# Dark Knight Mega Cape



## Terrormaster (Sep 27, 2007)

Was shopping at Toys R Us for my daughter's coming birthday and saw this out on the shelves - my mind kicked right into HAUNT mode. I may pick this up to see how hackable it is.

http://www.toysrus.com/product/index.jsp?productId=2945343

But at nearly 45 bucks not sure if it's worth it just to reverse engineer.

-TM


----------



## joker (Sep 25, 2007)

I saw that on TV the other day and wondered the same thing. Of course they didn't give a price and wasn't sure it was even a purchasable item or just a prop added for the commercial.


----------



## Sickie Ickie (Jun 20, 2006)

I was in the film, but never saw the costume. Go figure.


----------



## skeletonowl (Aug 8, 2006)

i'm not sure if that would be worth it...doesn't look to good quality of a product...

and Sickie you were in Dark Knight? What extra what scene? I'm going to probably see it again.


----------



## Sickie Ickie (Jun 20, 2006)

When Harvey Dent is at the podium at the town hall talking to the reporters and mentioning what he had for breakfast. heh I'm a photojournalist with large camera kneeling in front.

Also I was walking in front of the ballet theatre that was closed.

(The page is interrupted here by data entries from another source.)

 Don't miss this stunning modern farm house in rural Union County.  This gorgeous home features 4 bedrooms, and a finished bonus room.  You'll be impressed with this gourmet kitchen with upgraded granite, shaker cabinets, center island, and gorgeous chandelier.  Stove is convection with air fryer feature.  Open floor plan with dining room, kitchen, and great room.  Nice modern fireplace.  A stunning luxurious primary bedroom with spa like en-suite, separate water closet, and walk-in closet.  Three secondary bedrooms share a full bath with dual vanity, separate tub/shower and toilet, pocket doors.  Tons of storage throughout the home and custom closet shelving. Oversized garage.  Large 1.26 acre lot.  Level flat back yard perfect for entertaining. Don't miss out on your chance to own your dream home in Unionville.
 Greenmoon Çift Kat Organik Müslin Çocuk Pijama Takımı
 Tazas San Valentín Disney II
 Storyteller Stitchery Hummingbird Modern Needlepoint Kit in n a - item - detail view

I was in a group of three and walked in front of him and his gal when they step from the limo.


----------



## SpectreTTM (Aug 22, 2005)

Reminds me of this place.

Pricey but considering the work to produce them I think it's 
Good deal

http://community-2.webtv.net/wingsandthings1/WingsandCostumes/


----------



## Terrormaster (Sep 27, 2007)

Wow SI - anything else you were an extra in we should know about 

-TM


----------



## Sickie Ickie (Jun 20, 2006)

I was in Fred Claus, but ya can't see me. LOL Got $150 for the day, though.


----------



## Dr Morbius (Sep 21, 2004)

Sickie Ickie said:


> When Harvey Dent is at the podium at the town hall talking to the reporters and mentioning what he had for breakfast. heh I'm a photojournalist with large camera kneeling in front.
> 
> Also I was walking in front of the ballet theatre that was closed. I was in a group of three and walked in front of him and his gal when they step from the limo.


Holy wow! Sounds like you have some storys to tell. How cool is that?


----------



## Aelwyn (Jul 7, 2008)

SI: That's so cool. I'll look for you when I go to see the film.

As for retractable wings, those look cruddy. There are TONS of links on how to make your own that are easily adjusted to make them like bat wings....

http://www.instructables.com/id/How-to-make-a-pair-of-Angel-Wings
http://www.cosplay.com/showthread.php?t=23650




http://www.cosplaywiki.org/index.php/Wings


----------